◆ WHAT THE TASK REQUIRES
Take the lines below from the one with "A stylish hallway" through the one with "A living room with" and print only them, exactly. Don't print the pictures.

◆ THE DATA
=== Begin Enclosure ===
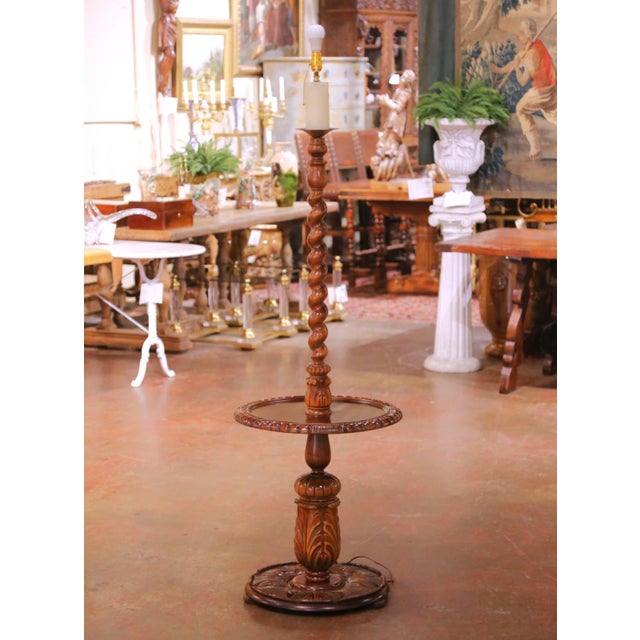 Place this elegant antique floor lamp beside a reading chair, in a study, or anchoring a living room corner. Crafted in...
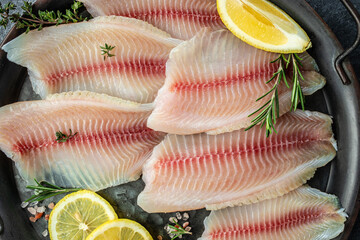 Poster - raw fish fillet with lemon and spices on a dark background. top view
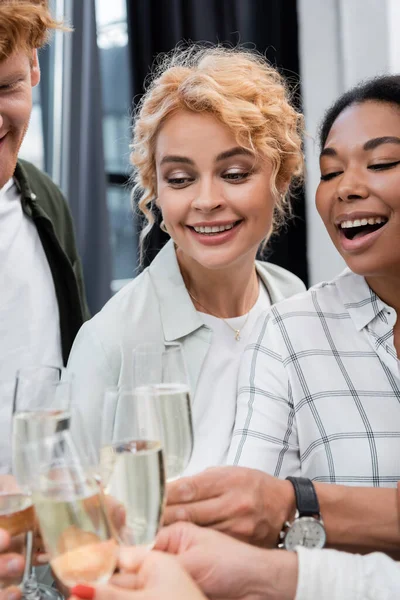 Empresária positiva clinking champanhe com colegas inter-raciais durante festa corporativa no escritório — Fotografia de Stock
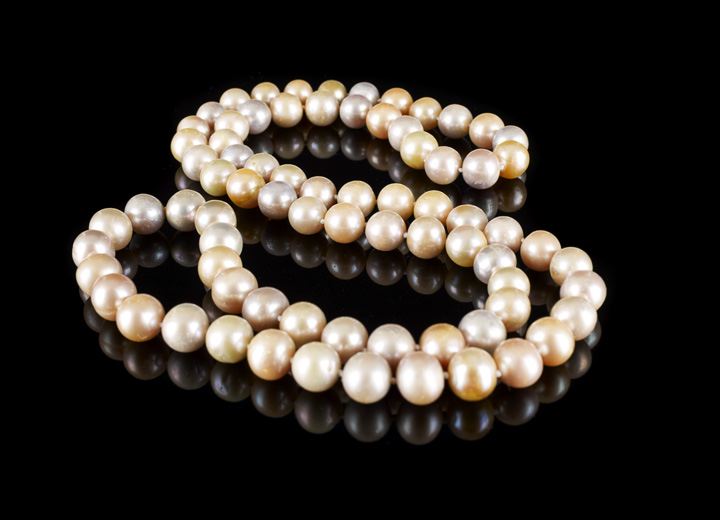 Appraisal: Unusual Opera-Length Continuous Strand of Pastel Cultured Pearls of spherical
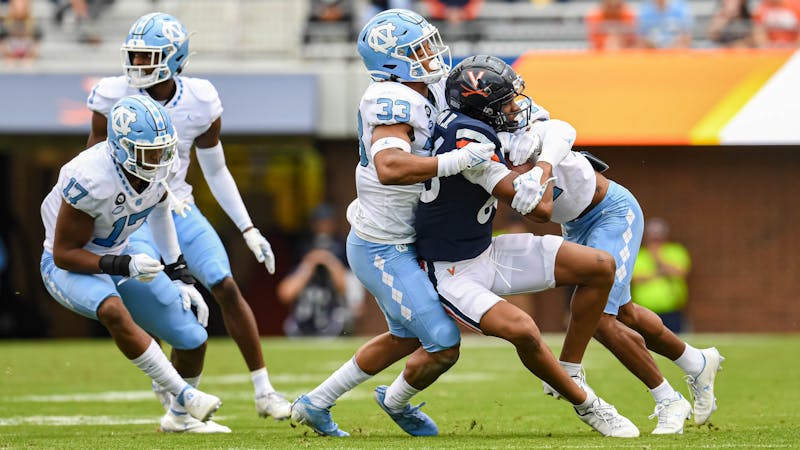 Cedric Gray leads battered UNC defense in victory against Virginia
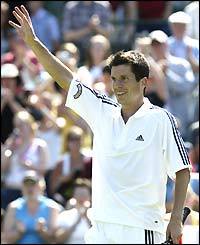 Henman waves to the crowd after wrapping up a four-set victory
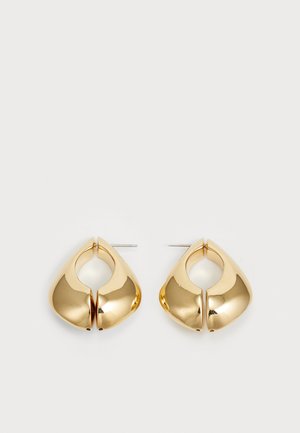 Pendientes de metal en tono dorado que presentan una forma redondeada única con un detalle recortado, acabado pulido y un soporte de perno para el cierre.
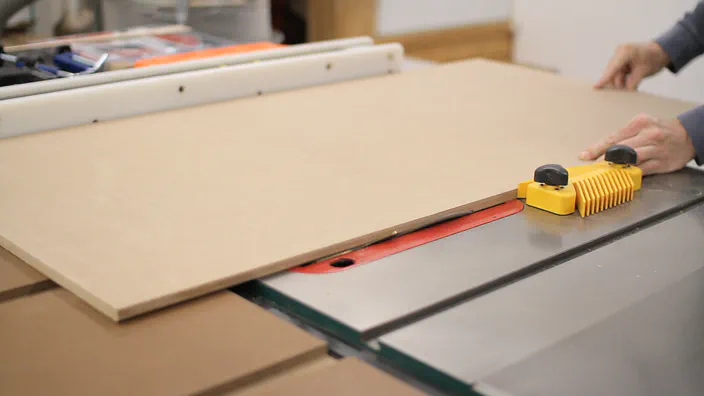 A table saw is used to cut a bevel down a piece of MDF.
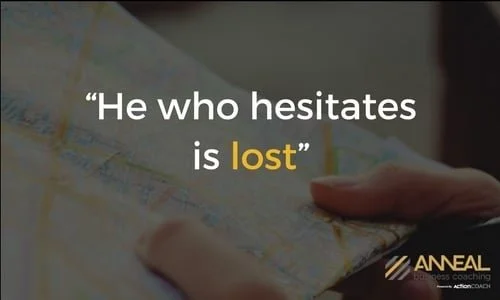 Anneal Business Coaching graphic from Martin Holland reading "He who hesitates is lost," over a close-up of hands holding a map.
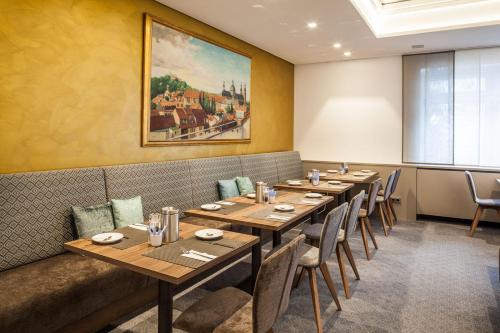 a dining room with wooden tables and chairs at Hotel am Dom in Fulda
=== End Enclosure ===
=== Begin Enclosure ===
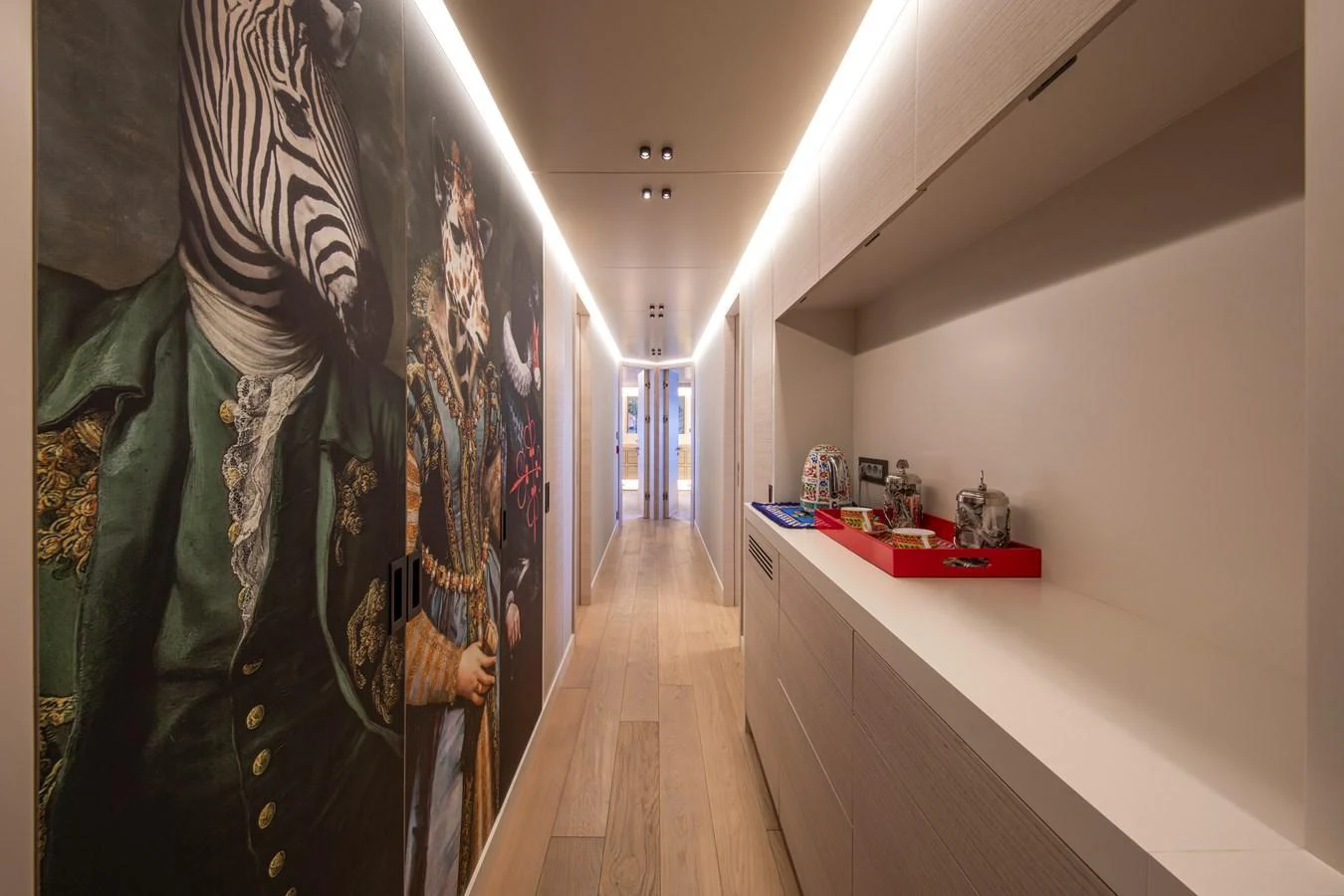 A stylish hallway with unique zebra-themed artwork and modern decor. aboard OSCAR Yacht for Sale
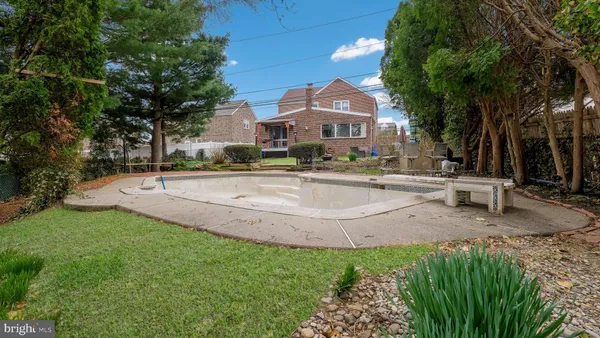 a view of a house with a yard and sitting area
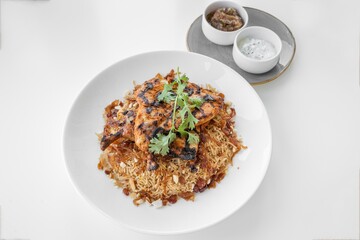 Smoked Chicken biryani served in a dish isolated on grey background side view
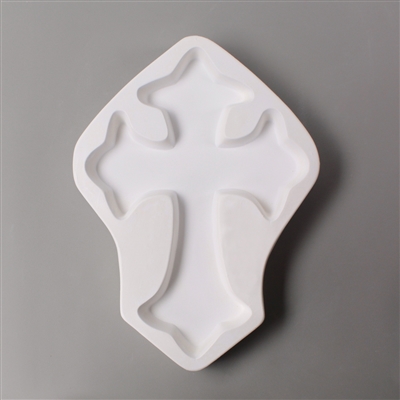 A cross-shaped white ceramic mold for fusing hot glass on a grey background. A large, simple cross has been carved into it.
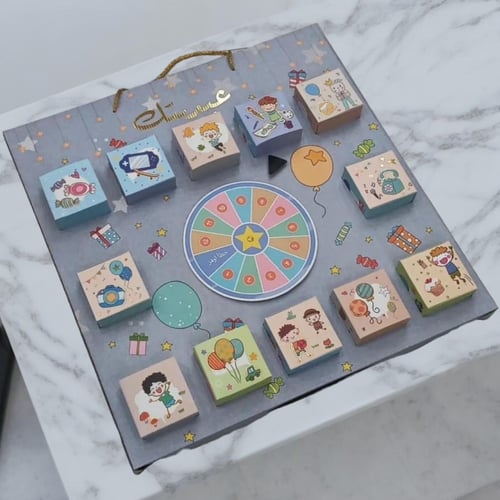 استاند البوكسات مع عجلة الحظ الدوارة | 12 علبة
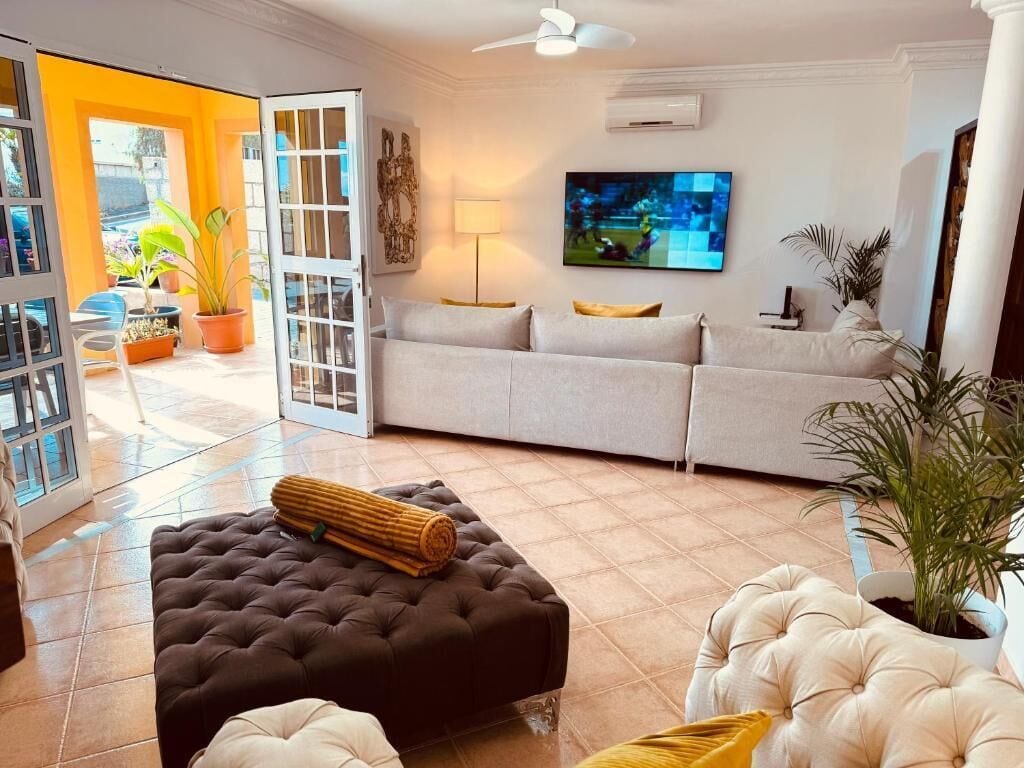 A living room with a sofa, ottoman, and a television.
=== End Enclosure ===
=== Begin Enclosure ===
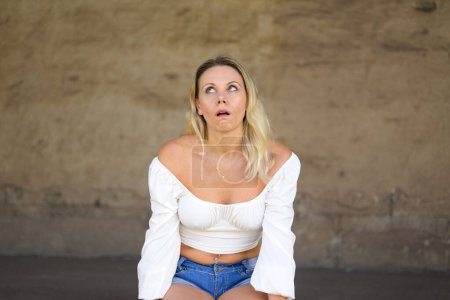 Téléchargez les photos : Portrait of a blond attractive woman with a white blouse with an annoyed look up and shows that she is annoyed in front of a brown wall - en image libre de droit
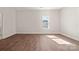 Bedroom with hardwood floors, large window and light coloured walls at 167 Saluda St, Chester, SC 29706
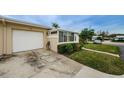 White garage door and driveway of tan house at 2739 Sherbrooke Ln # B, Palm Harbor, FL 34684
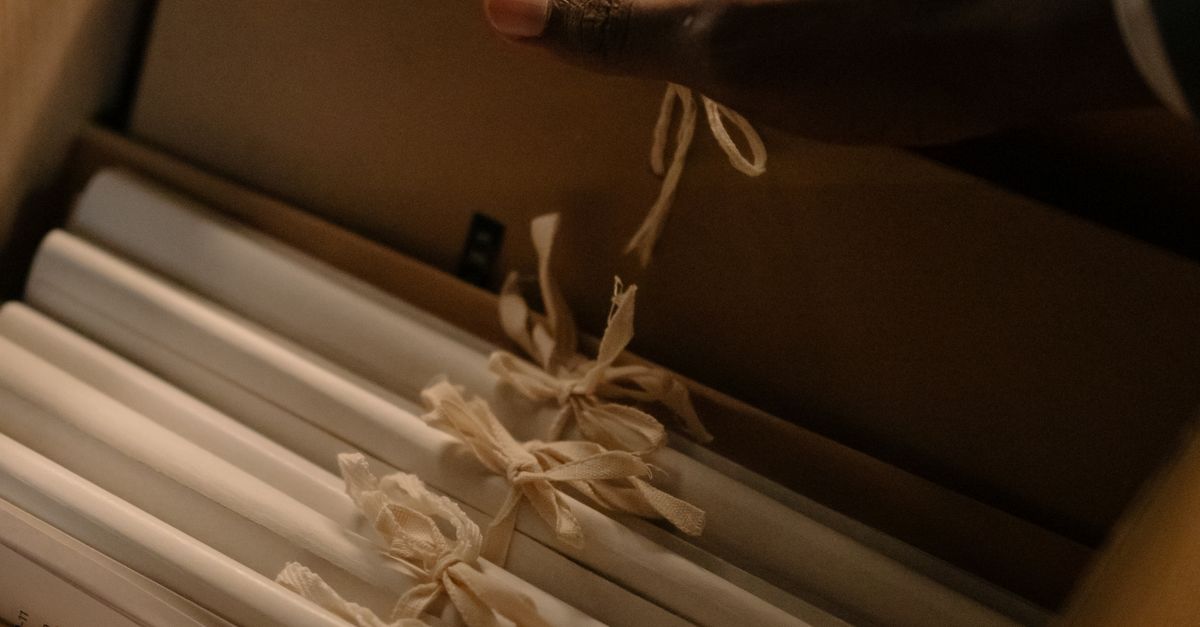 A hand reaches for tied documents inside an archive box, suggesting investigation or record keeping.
=== End Enclosure ===
◆ OUTPUT OF THE TASK
 A stylish hallway with unique zebra-themed artwork and modern decor. aboard OSCAR Yacht for Sale
 a view of a house with a yard and sitting area
 Smoked Chicken biryani served in a dish isolated on grey background side view
 A cross-shaped white ceramic mold for fusing hot glass on a grey background. A large, simple cross has been carved into it.
 استاند البوكسات مع عجلة الحظ الدوارة | 12 علبة
 A living room with a sofa, ottoman, and a television.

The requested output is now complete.